1. Introduction

Clustering is one of the main development  directions of state industrial policy in Russia. At the beginning of 2018, there were 115 clusters in Russia on the territory of 43 entities. They include about 3,500 enterprises with more than 1,400 thousand employees [1]. For the period 2013–2018 the total amount of subsidies exceeded 12 billion rubles [2].

The active support of the clusters by the authorities has influenced the emergence of a significant amount of research and publications in this area. Scientists use various visualization methods to simplify the understanding of the studied relationships between cluster components. At the same time, visualization in this particular case is necessary not so much for convenient perception of the information being studied as for simplifying its analysis, further processing and making forecasts.

In this regard, we note that the cluster policy of the state is directly related to the development of individual industries in specific regions of the country. The limitations of both budgetary and extra-budgetary financing necessitates an adequate quantitative justification for the selection of priority sectors and regions, investments in which are able to provide maximum utility. At the same time, given the scale of the national economy and the high diversification of its sectoral structure, the ability to obtain a holistic visual representation of the relevant statistical data is of particular importance when implementing cluster policy. Moreover, it is not just about providing options for the perception, assessment and analysis of available information. First of all, the goal of visual presentation of data on economic clustering is to provide the ability to model and predict the behavior of the clustered industry.

Thus, on the basis of the foregoing, it can be summarized that the visualization of the task of identifying industrial clusters is the core feature for constructing plans, forecasts and development strategies for both individual industries and regions, and the national economy as a whole.

2. Systematization of existing methods for visualizing relationships between cluster entities

The use of visual methods for displaying the results of modeling the interactions of  cluster relations subjects is designed to simplify the implementation of planning, forecasting, programming, and strategy tasks. A review of the scientific literature on the problems of clustering the economy revealed that existing works in this field from the point of visualization can be divided into three groups. Let's consider them in more detail.

To the first group we refer works in which researchers attempted to systematize the essential properties and attributes of clusters. These works contain models formulated at the verbal level and based on certain theoretical concepts.

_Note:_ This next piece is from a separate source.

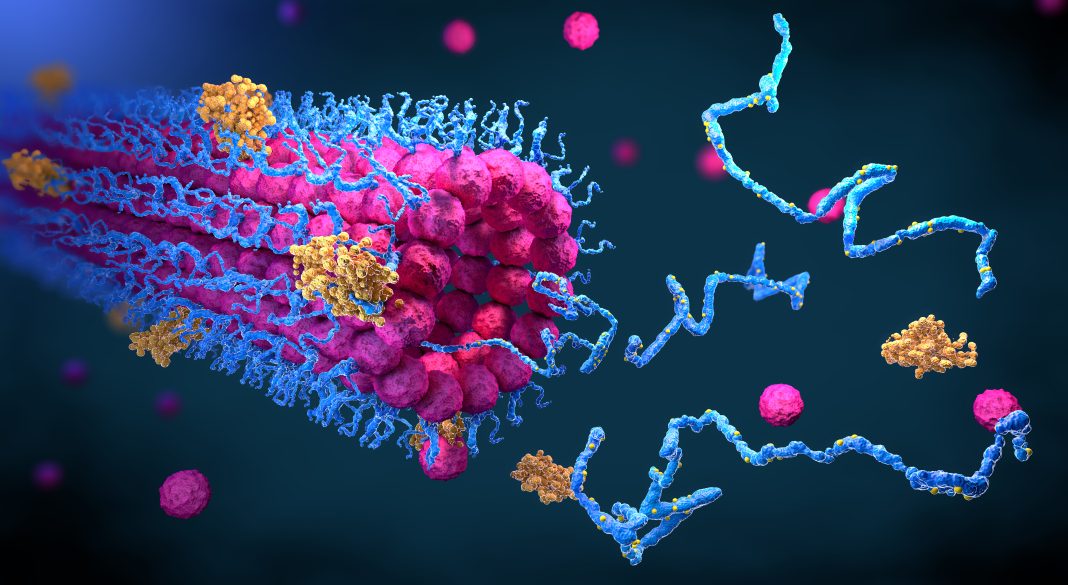 Protein enzymes fold into their structure to fulfill their function - 3d illustration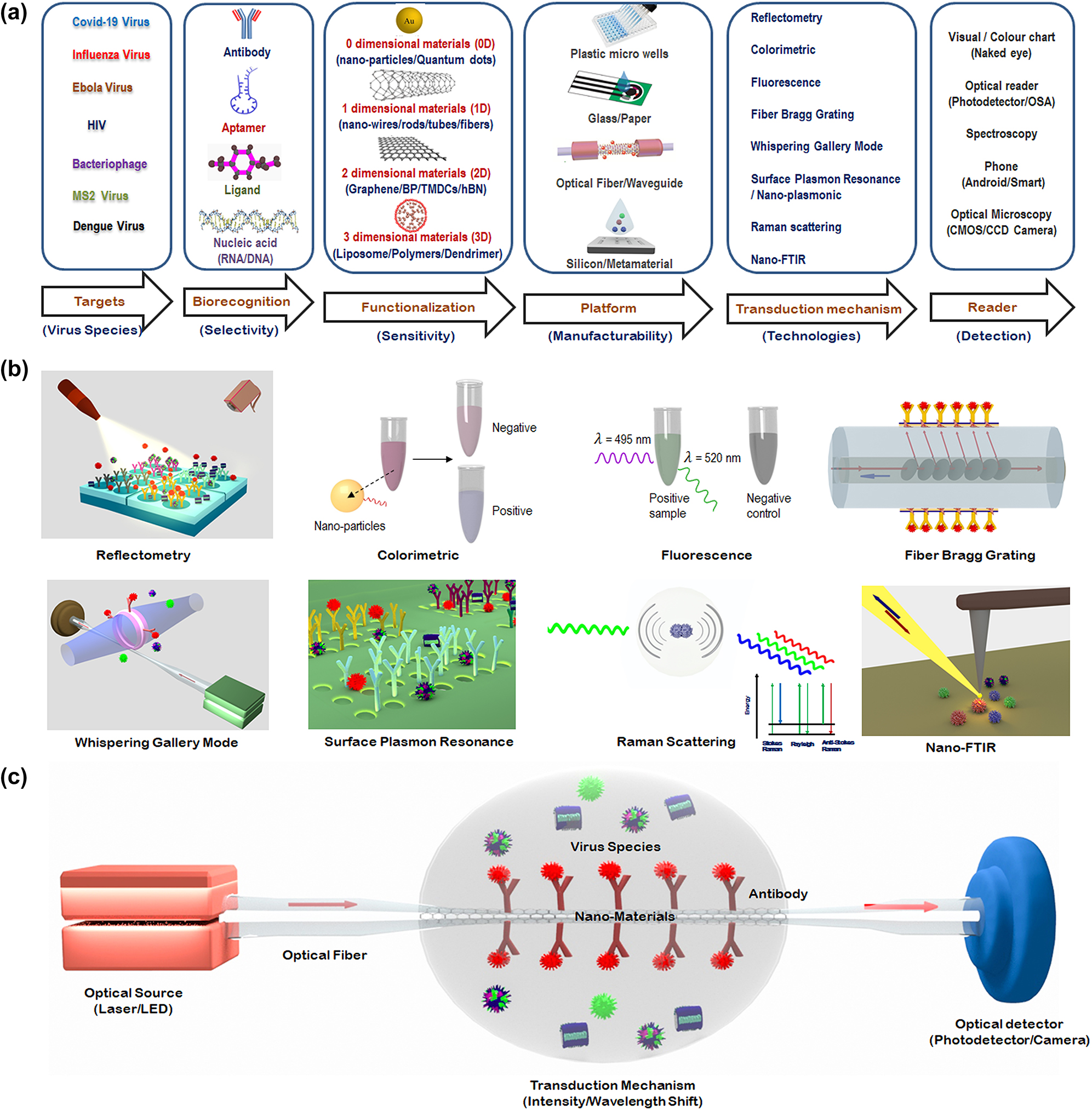Figure 1: 
Schematic depiction of optical biosensing methods for virus detection. (a) Various steps involved in choosing an optical biosensor for virus detection. (b) Visual illustration of some of the most common optical transduction mechanisms, with a focus on the mechanisms of greatest relevance to detection of virus variants relevant to COVID-19. (c) Schematic diagram of a typical optical diagnostic for virus detection.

As a rule, the models of the first group reflect the relations between the subjects of the clusters [3, p. 25; 4, p. 6; 5, p. 31; 6, p. 13]; stages of their formation (life cycles of clusters) [7, p. 9; 8, p. 17; 9, p. 27]; cluster creation conditions [10, p. 3; 11, p. eighteen]; features of the formation of cluster initiatives [12, p. 58; 7, p. 9]; structures and types of clusters [8, p. 85; 11, p. 191]. Examples of models visualizing the theoretical concepts of cluster development are presented in Figure 1.

 

c) cluster life cycle  [8, p. 27]

Fig. 1. Examples of theoretical concepts visualization for cluster development

 

The main advantage of the models in this group is the availability of understanding for the theoretical foundations of clustering; as a drawback, we note the low adaptability of the model information use to build forecasts and development strategies for both specific clusters and their localization territories.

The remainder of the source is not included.